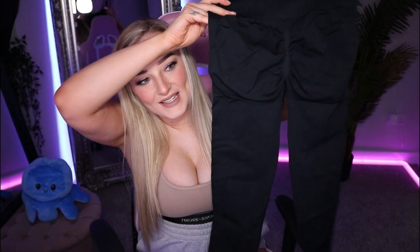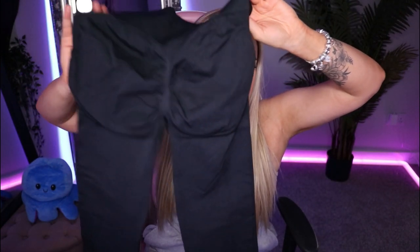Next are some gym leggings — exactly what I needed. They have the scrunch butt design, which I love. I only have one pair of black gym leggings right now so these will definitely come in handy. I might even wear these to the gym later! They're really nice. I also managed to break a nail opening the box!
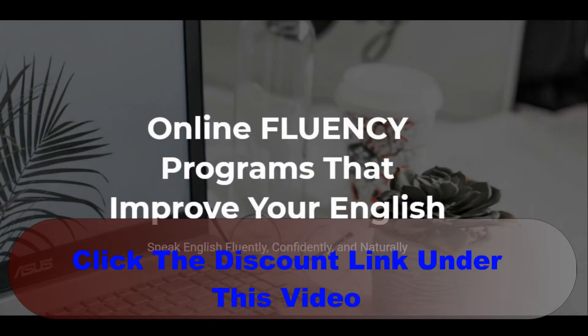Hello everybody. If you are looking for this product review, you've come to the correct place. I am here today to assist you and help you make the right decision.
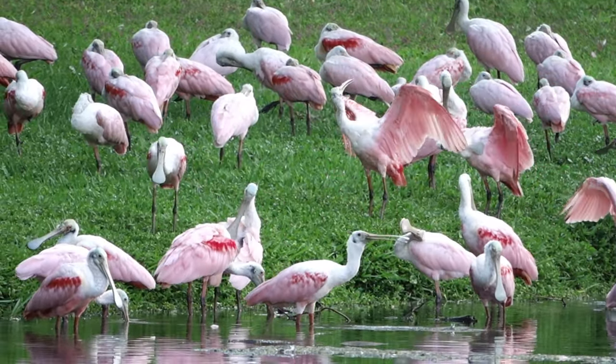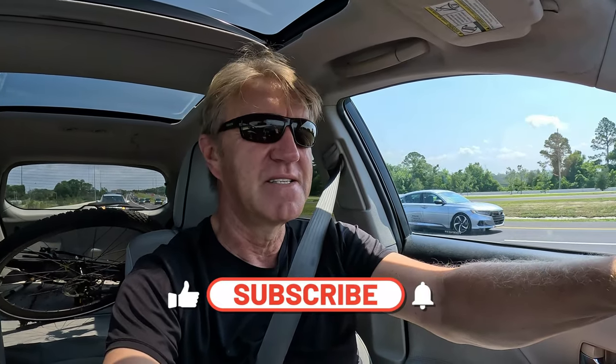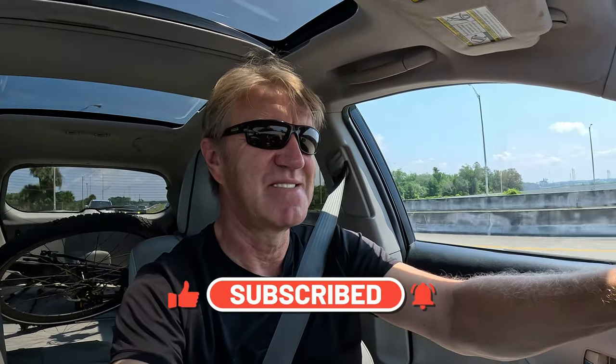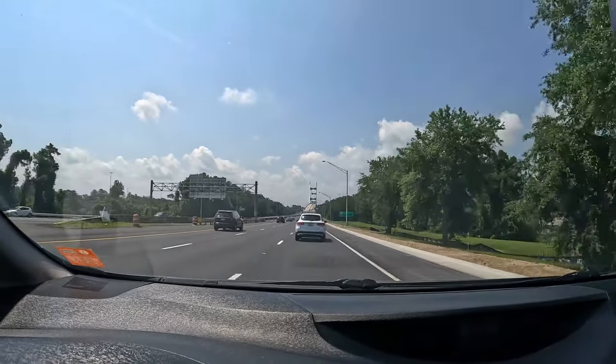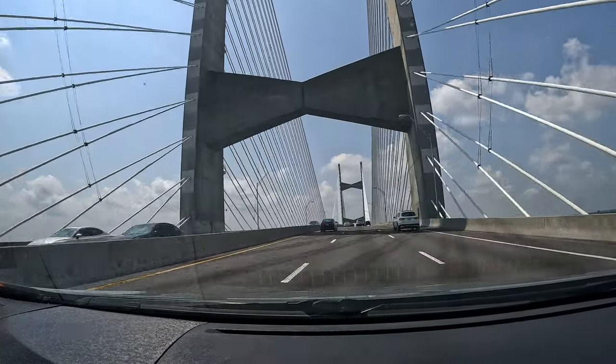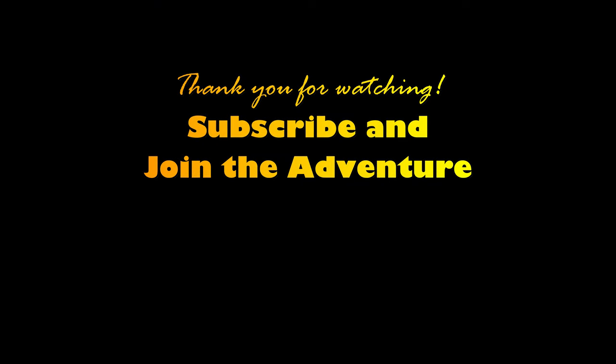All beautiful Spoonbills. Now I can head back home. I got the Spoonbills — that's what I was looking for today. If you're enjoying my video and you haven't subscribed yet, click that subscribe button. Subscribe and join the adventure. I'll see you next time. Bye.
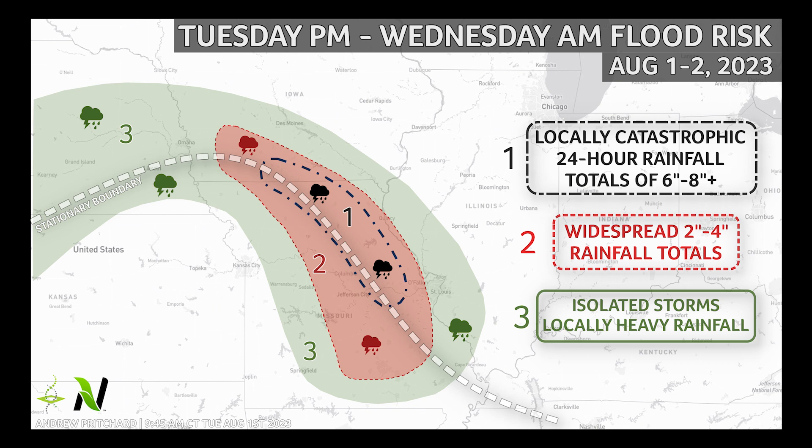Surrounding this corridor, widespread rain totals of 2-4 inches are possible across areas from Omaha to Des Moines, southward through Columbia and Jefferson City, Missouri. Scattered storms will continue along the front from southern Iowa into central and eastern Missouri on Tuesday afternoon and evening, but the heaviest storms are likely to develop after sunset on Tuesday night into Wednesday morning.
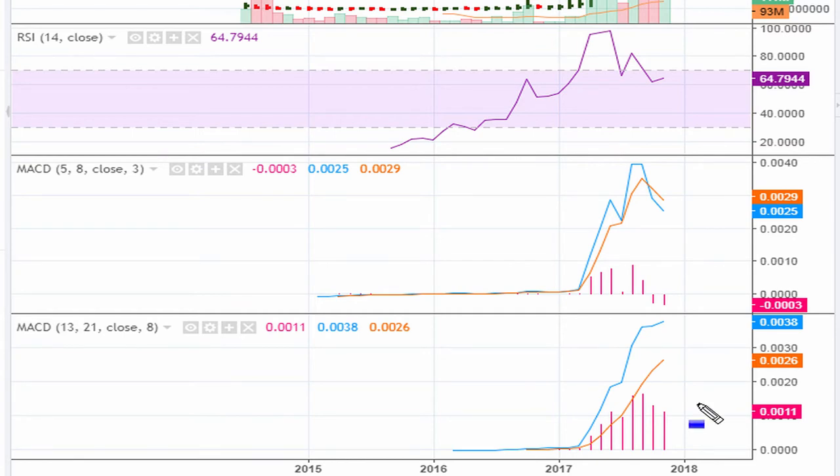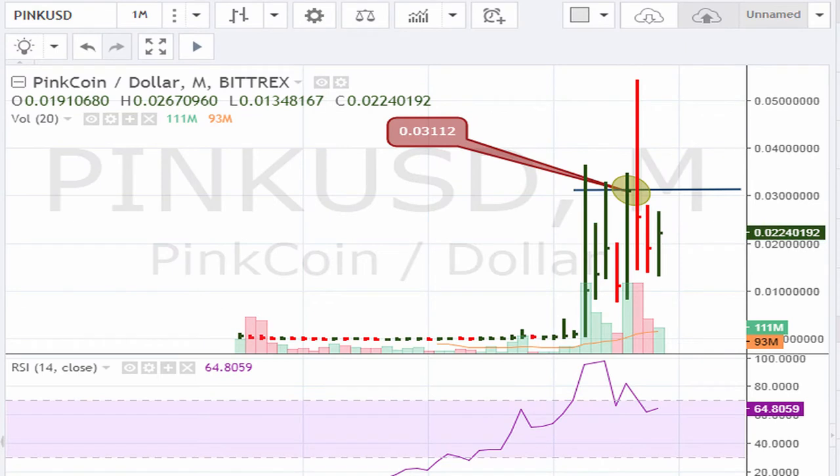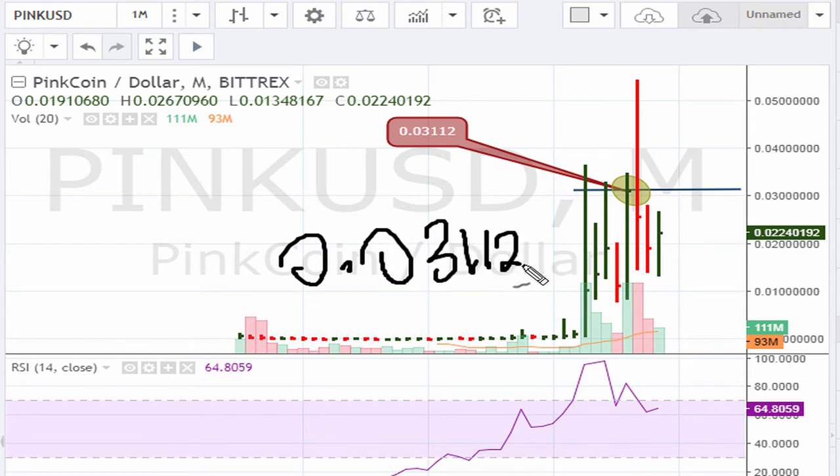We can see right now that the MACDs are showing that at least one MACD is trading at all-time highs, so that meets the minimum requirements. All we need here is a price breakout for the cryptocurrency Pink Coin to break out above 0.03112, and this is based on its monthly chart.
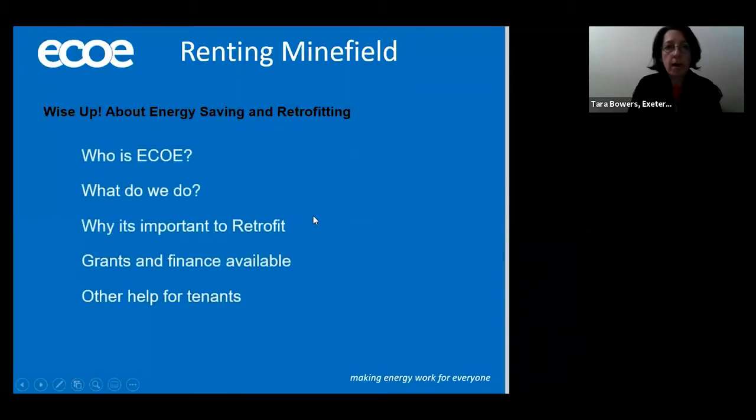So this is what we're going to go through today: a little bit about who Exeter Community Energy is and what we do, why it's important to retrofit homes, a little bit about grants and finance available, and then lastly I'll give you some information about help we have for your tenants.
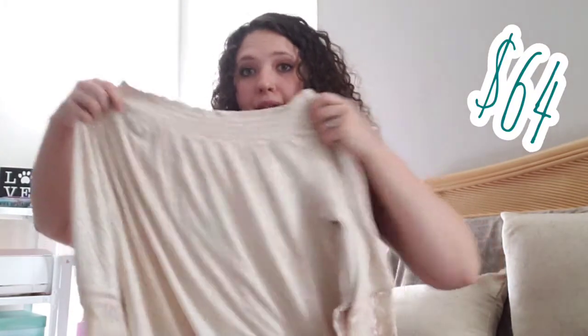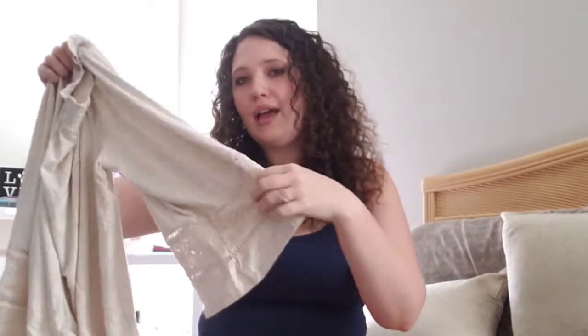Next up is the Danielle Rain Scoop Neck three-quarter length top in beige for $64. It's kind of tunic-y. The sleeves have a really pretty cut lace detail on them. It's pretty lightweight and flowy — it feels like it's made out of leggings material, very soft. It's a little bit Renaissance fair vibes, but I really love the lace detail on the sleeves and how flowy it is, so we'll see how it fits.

◆ ◆ ◆ ◆ ◆ ◆ ◆

*Work to complete*
Everything in the records above must be restated verbatim, save for the pictures.

*Solution*
Next are some gym leggings — exactly what I needed. They have the scrunch butt design, which I love. I only have one pair of black gym leggings right now so these will definitely come in handy. I might even wear these to the gym later! They're really nice. I also managed to break a nail opening the box!
Hello everybody. If you are looking for this product review, you've come to the correct place. I am here today to assist you and help you make the right decision.
All beautiful Spoonbills. Now I can head back home. I got the Spoonbills — that's what I was looking for today. If you're enjoying my video and you haven't subscribed yet, click that subscribe button. Subscribe and join the adventure. I'll see you next time. Bye.
Surrounding this corridor, widespread rain totals of 2-4 inches are possible across areas from Omaha to Des Moines, southward through Columbia and Jefferson City, Missouri. Scattered storms will continue along the front from southern Iowa into central and eastern Missouri on Tuesday afternoon and evening, but the heaviest storms are likely to develop after sunset on Tuesday night into Wednesday morning.
We can see right now that the MACDs are showing that at least one MACD is trading at all-time highs, so that meets the minimum requirements. All we need here is a price breakout for the cryptocurrency Pink Coin to break out above 0.03112, and this is based on its monthly chart.
So this is what we're going to go through today: a little bit about who Exeter Community Energy is and what we do, why it's important to retrofit homes, a little bit about grants and finance available, and then lastly I'll give you some information about help we have for your tenants.
Next up is the Danielle Rain Scoop Neck three-quarter length top in beige for $64. It's kind of tunic-y. The sleeves have a really pretty cut lace detail on them. It's pretty lightweight and flowy — it feels like it's made out of leggings material, very soft. It's a little bit Renaissance fair vibes, but I really love the lace detail on the sleeves and how flowy it is, so we'll see how it fits.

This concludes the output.